Documents seen by Saturday Vision indicate that in 2010, Captain Roy gave a concession agreement to D&D International a company owned by Angela's late husband to operate a lodge. The lawyers insist that D&D never paid any coin to them and proceeded to create another company Amuka Limited to run the activities of the lodge.

"The issues of non-payment forced Capt. Roy to terminate the concession with RFU and D&D in November 2017 and Angela refused the termination and run to arbitration as provided for by the agreement," Omongole told Sunday Vision.

She also placed a caveat on the entire stretch of land.

Capt. Roy's lawyers in a letter dated August 29th 2018 petitioned the Chairperson of the NGO Board indicating that Angie was using her NGO's work permit to actually do business in Uganda.

Sunday Vision has also learnt that Angie is in the process of winding up Amuka lodges. In a brief interview she noted that Amuka lodges ltd was introduced into the ranch because D&G was a company that belonged to her late husband and she was not involved in the day today running of it. "It was only proper that I bring in a company that I knew and that was why Amuka lodges was formed," she said.

What next

Captain Roy's family insists that Angie is trying to drum up public support and sympathy in order to grab the land. "They are portraying my client as somebody who is no longer interested in the Rhinos being on the ranch and that he wants them out and yet that is not what he intends to. He volunteered his land. He has passion for conservation. Capt. Roy wants the animals to remain at the ranch. He has already developed a management plan and obtained a license from UWA to be able to bring into the country other additional rare species of animals that are extinct here. But all this cannot be effected because he has cannot access his land," the lawyers said.
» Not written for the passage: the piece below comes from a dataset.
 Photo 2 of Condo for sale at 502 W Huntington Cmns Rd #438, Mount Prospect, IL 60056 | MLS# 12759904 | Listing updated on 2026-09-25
Saturday Vision is also in possession of a letter written by the former Executive Director of UWA Andrew Seguya in which UWA appreciated his spirit of conservation.  In the letter dated March 2018, UWA granted Zziwa Rhino Sanctuary the right to offer protection of rescued pangolins which had been brought to the farm.

He also noted that the plan to reintroduce the endangered species at the sanctuary was still on and UWA had passed a budget to help facilitate this.